The new version of the established TET PDF content extraction engine improves page content analysis, supports right-to-left languages like Arabic and Hebrew, and offers advanced Unicode postprocessing controls.
TET 4.0. PDFlib TET (Text Extraction Toolkit) reliably extracts text, images and metadata from PDF documents. TET makes available the text contents of a PDF as Unicode strings, plus detailed glyph and font information as well as the position on the page. Images are extracted in common raster formats. TET optionally converts PDF documents to an XML-based format called TETML which contains text, image, and metadata as well as resource information. TET supports Chinese, Japanese, and Korean (CJK) text as well as right-to-left languages such as Hebrew and Arabic.
TET contains advanced content analysis algorithms for determining word boundaries, grouping text into columns and removing redundant text. Using the integrated pCOS interface you can retrieve arbitrary objects from the PDF, such as metadata, interactive elements, etc. TET is suitable for server use (thread-safe and robust, no memory leaks, clean exception handling).
New Features in TET 4.0. TET 4.0 offers considerable performance enhancements and is faster for many classes of documents. Especially very large documents up to hundreds of thousands of pages benefit from higher speed and smaller memory consumption.
The results of PDF text extraction are enhanced with improved shadow removal, word boundary detection, dehyphenation, and super- and subscript detection. More workarounds for non-conforming PDF documents improve the robustness of text extraction; the enhanced repair mode can successfully extract text from damaged PDFs.
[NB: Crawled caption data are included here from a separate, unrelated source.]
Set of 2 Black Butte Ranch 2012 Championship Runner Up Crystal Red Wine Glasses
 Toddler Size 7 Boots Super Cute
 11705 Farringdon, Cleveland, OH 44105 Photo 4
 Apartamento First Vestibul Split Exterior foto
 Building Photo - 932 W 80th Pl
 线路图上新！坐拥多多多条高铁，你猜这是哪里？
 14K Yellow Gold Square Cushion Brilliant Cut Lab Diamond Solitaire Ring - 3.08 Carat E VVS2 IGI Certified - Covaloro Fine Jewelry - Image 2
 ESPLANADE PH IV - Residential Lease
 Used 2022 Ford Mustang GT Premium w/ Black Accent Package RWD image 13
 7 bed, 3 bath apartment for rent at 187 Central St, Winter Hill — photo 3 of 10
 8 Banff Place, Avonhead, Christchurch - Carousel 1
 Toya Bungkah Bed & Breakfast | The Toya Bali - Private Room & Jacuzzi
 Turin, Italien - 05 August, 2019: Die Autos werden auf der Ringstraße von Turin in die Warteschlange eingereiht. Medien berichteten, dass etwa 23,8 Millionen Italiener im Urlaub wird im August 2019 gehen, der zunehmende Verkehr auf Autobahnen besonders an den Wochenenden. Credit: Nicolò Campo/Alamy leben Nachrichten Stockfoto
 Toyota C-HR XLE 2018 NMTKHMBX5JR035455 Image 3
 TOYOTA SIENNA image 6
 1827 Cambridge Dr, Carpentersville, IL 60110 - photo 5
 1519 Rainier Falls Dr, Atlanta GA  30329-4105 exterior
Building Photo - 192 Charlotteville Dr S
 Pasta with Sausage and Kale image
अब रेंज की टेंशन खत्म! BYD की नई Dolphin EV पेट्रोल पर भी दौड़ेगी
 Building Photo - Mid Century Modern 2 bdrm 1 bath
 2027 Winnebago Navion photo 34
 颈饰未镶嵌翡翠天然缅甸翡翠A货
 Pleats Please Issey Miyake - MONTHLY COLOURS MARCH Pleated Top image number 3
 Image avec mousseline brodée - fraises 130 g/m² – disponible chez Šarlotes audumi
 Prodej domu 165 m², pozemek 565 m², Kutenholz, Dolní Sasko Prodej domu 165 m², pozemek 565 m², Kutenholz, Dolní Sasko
TET 4 rearranges bidirectional text in Arabic or Hebrew documents to the proper logical order. Unicode postprocessing controls offer folding, decomposition and normalization according to the Unicode standard which is useful to adjust the extracted text according to the requirements of the application.
TET PDF IFilter 4.0. Based on patented TET technology TET PDF IFilter is a robust implementation of Microsoft’s IFilter indexing interface. It works with all search and retrieval products which support the IFilter interface, e.g. SharePoint and SQL Server. The new language detection feature automatically assigns the proper natural language to the text, which is important for proper word stemming and therefore improves the search experience.
TET Plugin 4.0. TET is also available as a free plugin for Adobe Acrobat. This plugin allows interactive test and evaluation of TET’s superior text extraction. The new TET Plugin supports Unicode syntax for search text and can highlight all search hits on a page.
TET Cookbook. The TET Cookbook is a collection of programming examples which demonstrate the use of TET for various text and image extraction tasks. Several Cookbook samples show how to combine the TET and PDFlib+PDI products in order to enhance PDF documents, e.g. add bookmarks or links based on the text on the page.
PDFlib GmbH announces the availability of the new product versions PDFlib TET 4, PDFlib TET PDF IFilter 4, and TET Plugin 4. The new versions offer faster, more efficient and more reliable content extraction from PDF documents.
Pricing and availability. TET 4 for Windows Server 2003/2008, Linux or Apple Mac OS X Server costs Euro 795 or US-$ 995. TET for Windows 2000/XP/Vista/7 or Mac OS X desktop costs Euro 295 or US-$ 375. Additional packages are available for Sun Solaris, IBM AIX and HP-UX as well as for IBM i5/iSeries and zSeries.
TET PDF IFilter 4.0 is freely available for non-commercial use on desktop systems, which provides a convenient basis for test and evaluation. The license fee for Windows Server is Euro 555 or US-$ 695.
The TET Plugin for Acrobat Professional on Windows and Mac is free for non-commercial use.